The addition of natural conversational speech would enhance the accuracy of speech application development for software developers and researchers.PHOTO: ST FILE

SINGAPORE -  Speech apps and tools such as voice transcription apps could soon be able to pick up Singapore English more accurately, as their developers can now access better data from an expanded corpus of local speech.

Some 1,000 hours of natural conversations on topics such as favourite foods and holidays have been added to the National Speech Corpus (NSC), an artificial intelligence (AI) database of locally accented speech maintained by the Infocomm Media Development Authority (IMDA).

The NSC had previously only comprised 2,000 hours of read speeches.

The enhanced corpus can be used by software developers and researchers for a variety of purposes, including analysing contact centre conversation logs and creating virtual customer service officers.

The move was announced by Minister for Communications and Information S. Iswaran on Thursday (Oct 17) during the IMDA's SG:Digital Industry Day.

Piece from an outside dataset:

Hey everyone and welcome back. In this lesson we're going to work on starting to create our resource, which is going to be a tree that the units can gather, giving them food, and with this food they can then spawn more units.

"The ICM (infocomm media) industry is a key enabler of Singapore's digital transformation," said Mr Iswaran.

"It... catalyses the transformation of other industries, spurring the adoption of technologies such as cloud computing and AI, allowing the creation of new business ventures and models."

Since its launch in November 2018, the NSC has been downloaded more than 100 times by a mix of local and international companies, start-ups, as well as research institutes.

These include local AI start-up Sentient.io which has used the corpus for its speech transcription app, and national broadcaster Mediacorp which has utilised it to automate the subtitling of television dramas. 

 
 
 
 

On Thursday, the IMDA also announced a new technical ability self-assessment tool which evaluates tech firms' capabilities and readiness to adopt cloud technology.

The free online tool developed by the IMDA will guide small and medium-sized enterprises (SMEs) through a series of questions and then provide insights on what gaps there are and how to address them.

The tool's launch comes in the wake of another IMDA initiative launched in March called GoCloud.

GoCloud trains and coaches SMEs in the information and communications technology sector to adopt cloud technology solutions.

More than 50 SMEs have signed up to date to be trained by domain experts such as IBM Singapore and Amazon Web Services.


Correction note: An earlier version of the story wrongly stated that Mr Iswaran announced a new technical ability self-assessment tool. We are sorry for the error.